This novel was originally serialized in Argosy All-Story Weekly in 1921, and it was reprinted frequently after that, both in other pulp magazines and in books. I read the Ace paperback from the mid-'60s, with a cover sporting the claim, "The most famous fantastic novel of all time." I'm not sure that it's been reprinted since then. It seems largely forgotten except as the target of one of Damon Knight's critical demolition jobs in the '50s.
It's not hard to see why. It is a ramshackle book, with the first eighteen chapters written by Hall, then a few chapters by Flint, then another long section by Hall to conclude. A large cast of characters is introduced sporadically over the course of the long story, and many of them seem irrelevant or are forgotten. As Knight gleefully points out, Hall writes as though English were a foreign language to him, and his ideas are often sophomoric. It's also old-fashioned in its concerns, but I think it's worth asking what the original readership found so wonderful about the book, which is something Knight doesn't bother to do.
Two things struck me about what
The Blind Spot was up to. The first is that, like A. Merritt in
The Moon Pool, the authors seem to be trying to rationalize the occult. As one character puts it, "In other words, Dr. Holcomb has certainly proved the occult by material means." Unfortunately, this rationalization is largely done by assertion, and the assertions frequently seem idiotic. Here's more of the statement I quoted from above:
'In other words, Dr. Holcomb has certainly proved the occult by material means. He has done it with a vengeance.

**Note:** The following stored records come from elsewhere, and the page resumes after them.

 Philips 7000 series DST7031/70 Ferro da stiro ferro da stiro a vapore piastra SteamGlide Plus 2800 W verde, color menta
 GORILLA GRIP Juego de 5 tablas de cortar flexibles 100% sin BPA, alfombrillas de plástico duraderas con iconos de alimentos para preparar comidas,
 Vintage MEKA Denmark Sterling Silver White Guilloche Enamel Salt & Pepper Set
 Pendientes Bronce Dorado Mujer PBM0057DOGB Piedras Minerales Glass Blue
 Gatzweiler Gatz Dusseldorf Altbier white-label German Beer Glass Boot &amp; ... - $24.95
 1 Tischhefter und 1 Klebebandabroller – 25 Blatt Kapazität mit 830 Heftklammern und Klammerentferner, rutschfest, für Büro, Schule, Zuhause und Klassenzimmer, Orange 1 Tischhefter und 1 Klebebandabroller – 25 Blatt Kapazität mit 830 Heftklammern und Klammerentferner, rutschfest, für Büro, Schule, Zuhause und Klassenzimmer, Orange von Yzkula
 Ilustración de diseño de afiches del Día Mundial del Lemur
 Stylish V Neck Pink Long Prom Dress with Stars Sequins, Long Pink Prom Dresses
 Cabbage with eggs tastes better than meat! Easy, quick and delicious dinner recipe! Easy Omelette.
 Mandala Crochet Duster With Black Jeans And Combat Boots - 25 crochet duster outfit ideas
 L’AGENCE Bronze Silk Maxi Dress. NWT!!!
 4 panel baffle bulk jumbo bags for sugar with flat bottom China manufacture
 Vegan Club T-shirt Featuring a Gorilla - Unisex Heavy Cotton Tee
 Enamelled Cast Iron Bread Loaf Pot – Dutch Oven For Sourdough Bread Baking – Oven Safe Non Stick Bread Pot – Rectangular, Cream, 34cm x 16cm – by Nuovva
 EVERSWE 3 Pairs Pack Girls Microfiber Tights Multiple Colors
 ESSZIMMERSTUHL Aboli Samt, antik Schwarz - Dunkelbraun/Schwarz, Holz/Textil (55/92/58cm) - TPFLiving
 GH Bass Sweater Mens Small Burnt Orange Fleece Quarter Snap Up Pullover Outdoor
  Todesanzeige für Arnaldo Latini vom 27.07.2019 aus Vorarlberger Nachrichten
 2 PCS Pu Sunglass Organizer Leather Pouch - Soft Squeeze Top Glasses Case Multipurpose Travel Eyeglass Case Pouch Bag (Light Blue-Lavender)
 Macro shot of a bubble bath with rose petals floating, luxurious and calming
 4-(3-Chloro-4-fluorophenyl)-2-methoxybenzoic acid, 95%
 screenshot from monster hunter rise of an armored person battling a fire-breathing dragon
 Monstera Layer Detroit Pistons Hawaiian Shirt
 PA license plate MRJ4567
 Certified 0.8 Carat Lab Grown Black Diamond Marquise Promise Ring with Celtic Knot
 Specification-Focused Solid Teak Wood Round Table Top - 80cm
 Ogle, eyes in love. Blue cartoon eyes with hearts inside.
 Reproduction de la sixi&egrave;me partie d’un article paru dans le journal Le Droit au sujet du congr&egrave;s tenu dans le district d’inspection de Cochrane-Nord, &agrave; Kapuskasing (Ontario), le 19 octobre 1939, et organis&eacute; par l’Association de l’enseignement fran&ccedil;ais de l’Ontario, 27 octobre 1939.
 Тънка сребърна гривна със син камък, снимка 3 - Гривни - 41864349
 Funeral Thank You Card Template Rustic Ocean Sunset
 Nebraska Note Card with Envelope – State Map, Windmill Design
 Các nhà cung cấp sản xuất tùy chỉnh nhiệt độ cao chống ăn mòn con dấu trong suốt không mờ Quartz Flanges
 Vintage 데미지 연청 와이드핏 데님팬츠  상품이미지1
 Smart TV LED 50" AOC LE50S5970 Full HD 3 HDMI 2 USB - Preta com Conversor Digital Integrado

In so doing he has left us in doubt as to ourselves; and unless he discovers the missing factor within the next few hours we are going to be in the anomalous position of knowing plenty about the next world, but nothing about ourselves.'
Since these characters largely disappear from the story at this point, it's hard to see if they ever regain certitude about themselves. Perhaps their loss of self-knowledge is what causes them to disappear! As to whether Dr. Holcomb discovers the missing factor, that's also hard to say. He gives an exposition on his discoveries at the end, explaining something like a parallel world system, but undermines his own theories with comments such as, "I throw out the idea mainly as a suggestion. It is not necessarily the true explanation."
Perhaps this is admirable agnosticism and a scientific call for further testing. What is being suggested, if I can follow the bafflegab, is that what we have heretofore perceived as occult or spiritual is in fact a blurry, limited perception of a parallel universe that exists inside the interstices of the very atoms that compose us. Or something like that. At least that's the explanation for all the mysterious goings-on in San Francisco in the early parts of the novel, although Hall never gets around to telling us whether it explains all gods and monsters and ghosts. Whatever the case, it's quite possible that early science fiction readers found this grounding of the spiritual in the material to be very exciting. From my perspective, the big problem is that Hall seems just as ignorant of the occult as he is of science.
The other thing that struck me is that the parallel world we are shown in the latter part of the novel is, unlike the other worlds of Merritt or Burroughs, not derived from lost world literature. Perhaps it derives more from utopian concepts, although it is not presented as a utopia. Highly advanced, and yet specifically archaic in other ways. The society is relatively complex and conflicted. There is a millennial strain in it. There is interesting technology, and unexplained phenomena. It almost feels like something out of an Arthur C. Clarke novel. From my still limited reading in the era, this may have been a fresh approach to world-building -- a breakthrough -- although Flint was doing something similar in his Dr. Kinney stories, starting in 1919.